The Wage-Weighted Selection System

The FY2027 H-1B cap registration period ran from March 4 through March 19, 2026, and this year's cycle brought the most significant structural changes to the lottery in the program's history. For employers sponsoring foreign professionals and for the candidates themselves, the new rules demand a more strategic approach to the entire process.

Beginning with FY2027, the traditional random lottery has been replaced by a weighted selection process tied to Department of Labor prevailing wage levels. Under the final rule published on December 23, 2025 and effective February 27, 2026, registrations associated with higher offered wages relative to the prevailing wage for a given occupation and geographic area will receive proportionally better odds of selection.

In practical terms, this means that a registration where the offered salary exceeds a Level III or Level IV prevailing wage will receive more entries in the lottery than one at Level I. The system uses the Occupational Employment and Wage Statistics survey data to determine the applicable wage level for each registration SOC code and area of intended employment.

How the Weighting Works

Each registration is evaluated based on how the offered salary compares to the prevailing wage tiers for the specified occupation and location. Higher relative compensation means more entries in the selection pool. The same wage level must appear consistently across the registration, the Labor Condition Application, and the eventual H-1B petition.
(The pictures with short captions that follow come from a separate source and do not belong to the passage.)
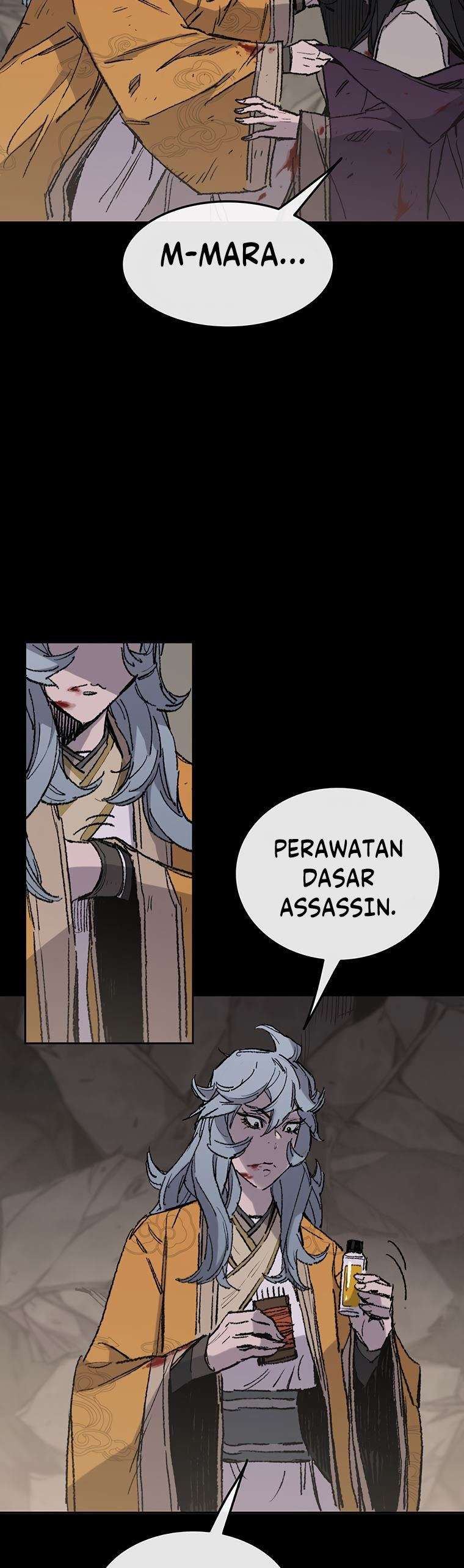 The Undefeatable Swordsman Chap 77 - Next Chap 78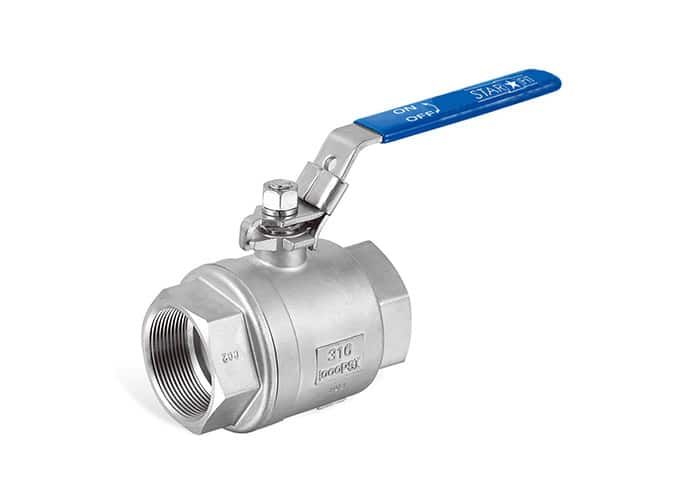 Orseal Stainless Steel Valves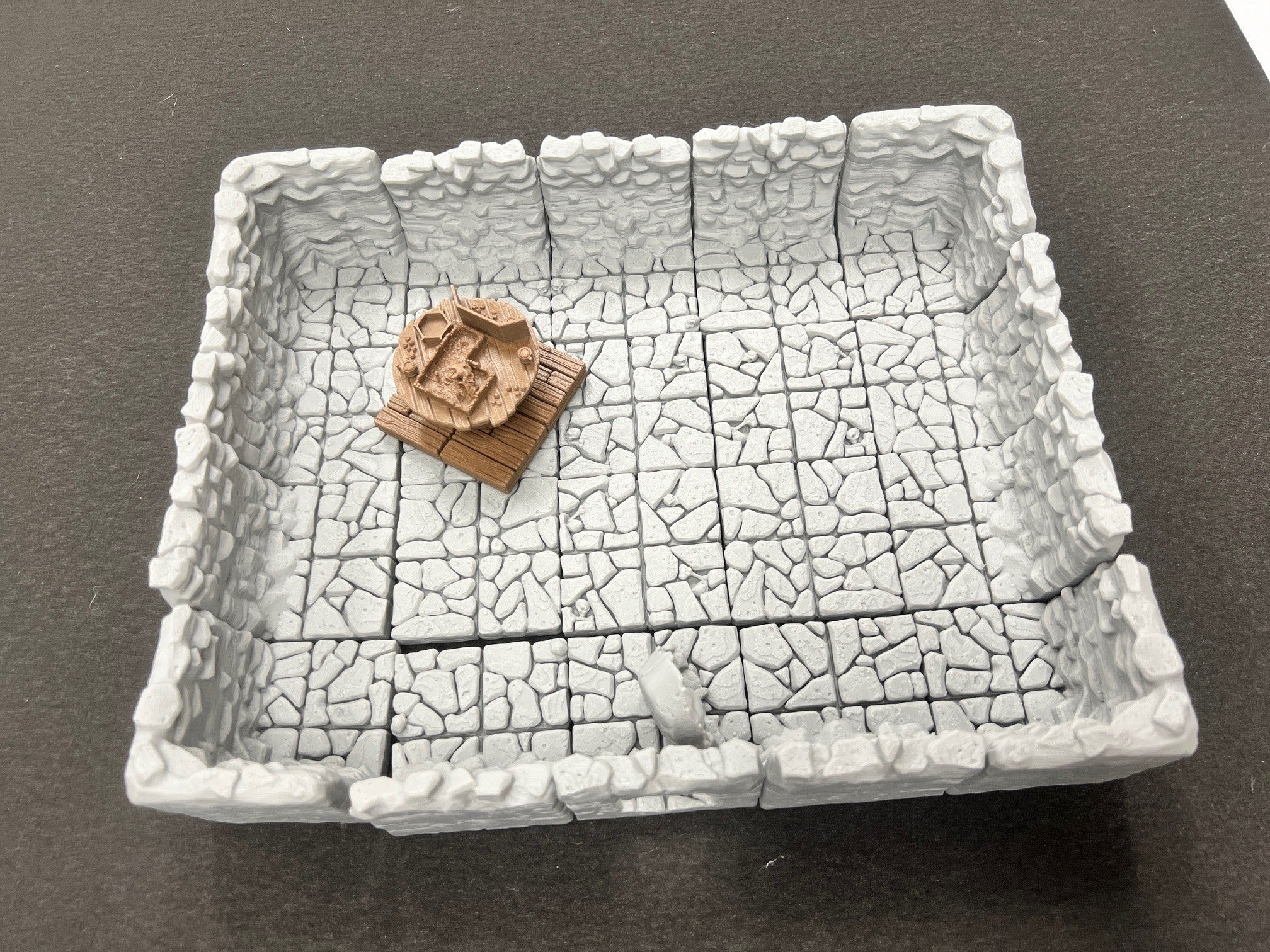 Cave - Modular Terrain Tile Set - Image 2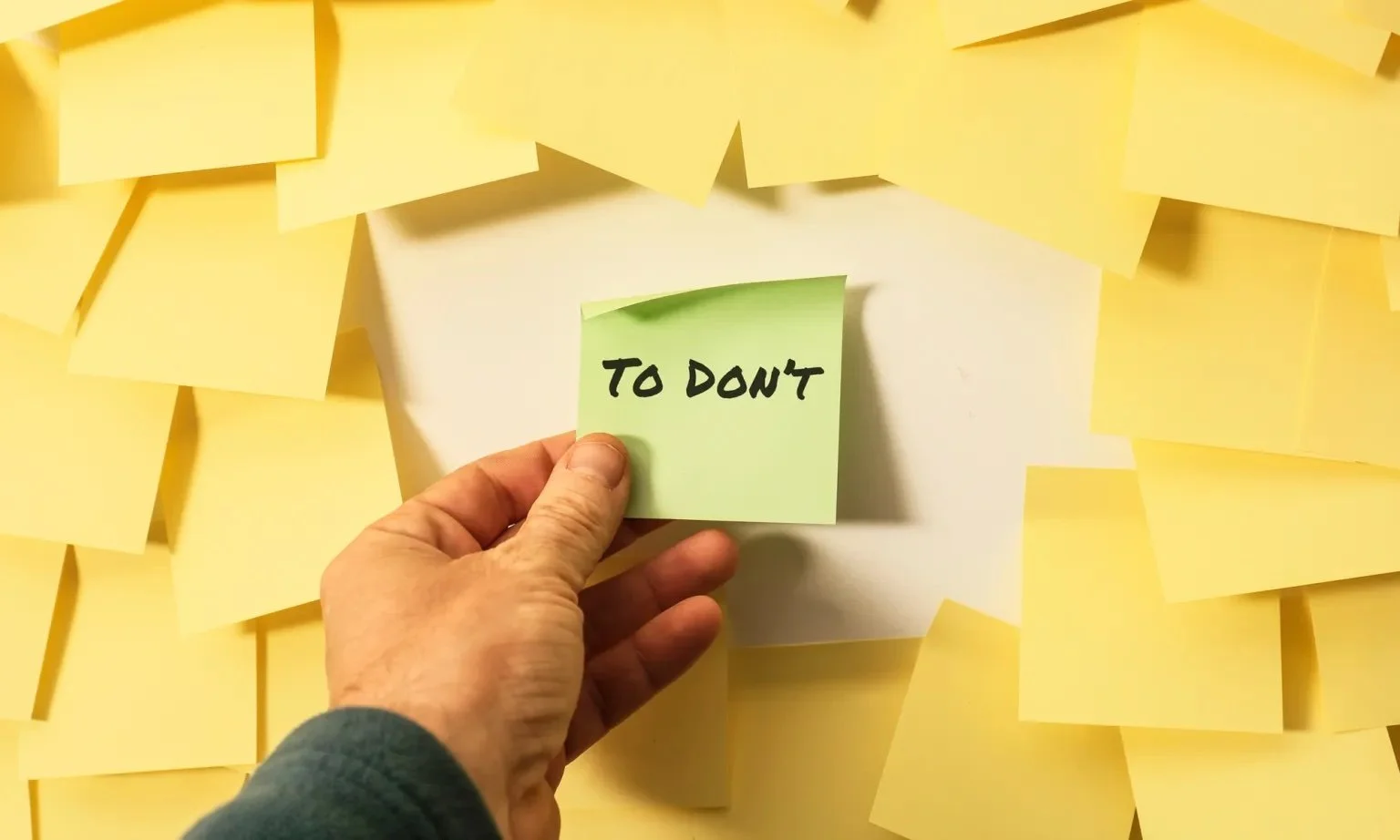 Is Your To-Do List Contributing to Your Inaction? (3 Ways to Break the Cycle)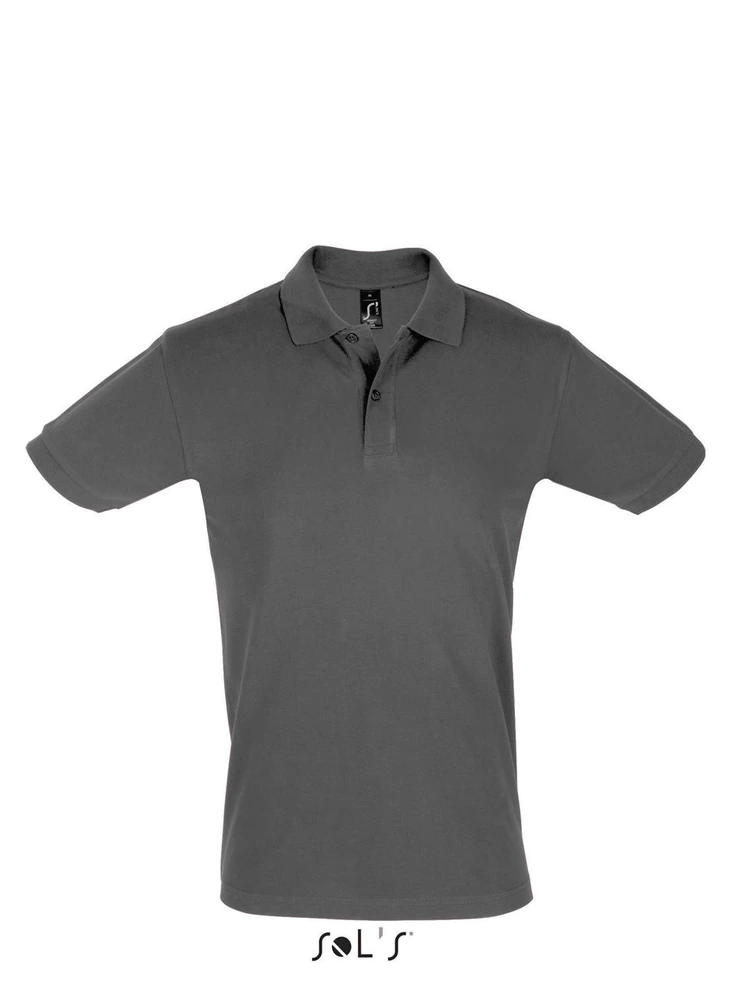 Tricou polo bărbați SOL'S Perfect SO11346 · 180 g/m², bumbac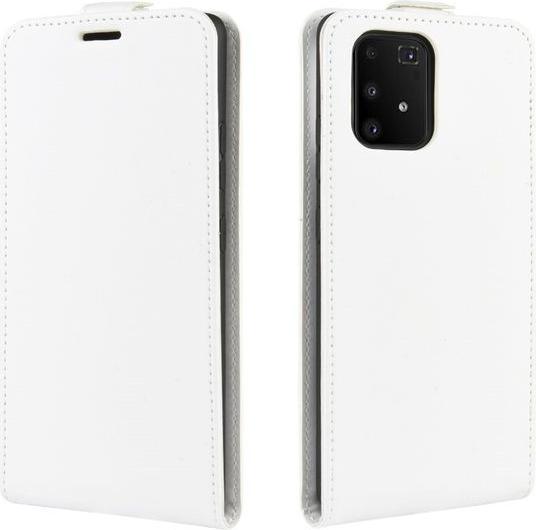 Actual product image MU Classic Leather Flipcase Cover (Samsung Galaxy S10 Lite)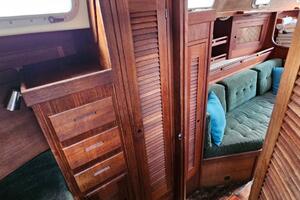 Cloudburst 37ft Tartan Yacht For Sale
A mechanical engineer offered $100,000 in Houston, Texas, might exceed the Level II prevailing wage for that occupation in that metro area and earn two entries. The same salary for the same occupation in Chicago might only exceed Level I and yield one entry. Geography and occupation together determine the outcome.

The $100,000 Consular Processing Fee

A presidential proclamation issued in September 2025 introduced an additional $100,000 fee applicable to certain H-1B petitions. This fee applies when a petition is approved for consular processing, meaning the beneficiary will obtain their visa at a U.S. embassy abroad rather than changing status within the United States.

Petitions filed for beneficiaries already in the U.S. who are eligible for a change of status, including many F-1 students using OPT, generally will not trigger this fee. That distinction makes the beneficiary location at the time of filing a significant strategic consideration.

Key Dates and Logistics

The registration fee remains $215 per beneficiary. USCIS indicated that selection notifications would be sent by March 31, 2026. Selected petitioners have a 90-day filing window beginning April 1, 2026 to submit complete H-1B petitions. Premium processing remains available for all H-1B petitions, though fees increased effective March 1, 2026.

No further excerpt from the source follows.